The effort to contact mugshots.com, Doe says, has been less successful. Another search led him to a Delaware address for the registered agent behind Mugshots, LLC. When he sent the company a certified letter, he claims it returned unopened last week with a message that read, "We're no longer a registered agent of Mugshots.com."
When the Associated Press covered mug shot websites three months ago, it dug up Florida attorney Marc G. Epstein as the representative of mugshots.com, which reportedly listed an address on Nevis, an island in the Caribbean. Epstein defended the company on the grounds of freedom of speech.
"The First Amendment gives people the right to do this," Epstein, who did not return a request for comment before CL went to press, told the AP. "I don't think there was ever a First Amendment that contemplated the permutations of communication that we have now."

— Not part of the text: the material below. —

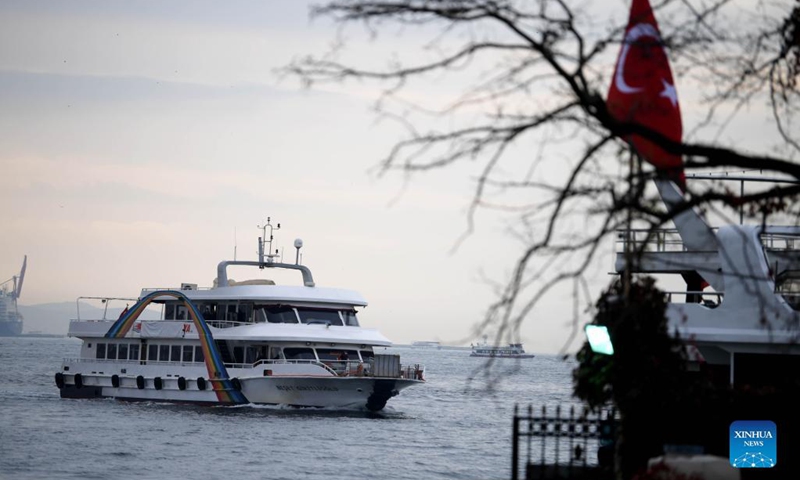 A passenger ship is seen in the Bosphorus Strait in Istanbul, Turkey, on Nov. 3, 2021. Tourism in Istanbul has gradually resumed, thanks to the progress in its vaccination drive against COVID-19, local media reported on Tuesday.(Photo: Xinhua)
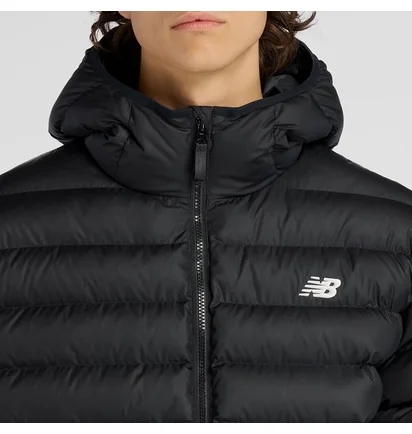 Куртка мужская new balance Sport Essentials Black MO53500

Since HB 150's passage, Bruce says he receives approximately 50 calls per week from Georgians thanking him for the law and complaining about their difficulties in getting companies to comply. He asks people having similar difficulty to contact him at the state capitol. "We're also looking for ideas from people to see what they're going through to tweak the law and make it better."
That probably won't help Doe in the immediate future. With his aspirations of becoming a university professor on the ropes, he's close to waving the white flag. "I'm basically screwed. I might have to pay the $400 ... but I don't know what I can do."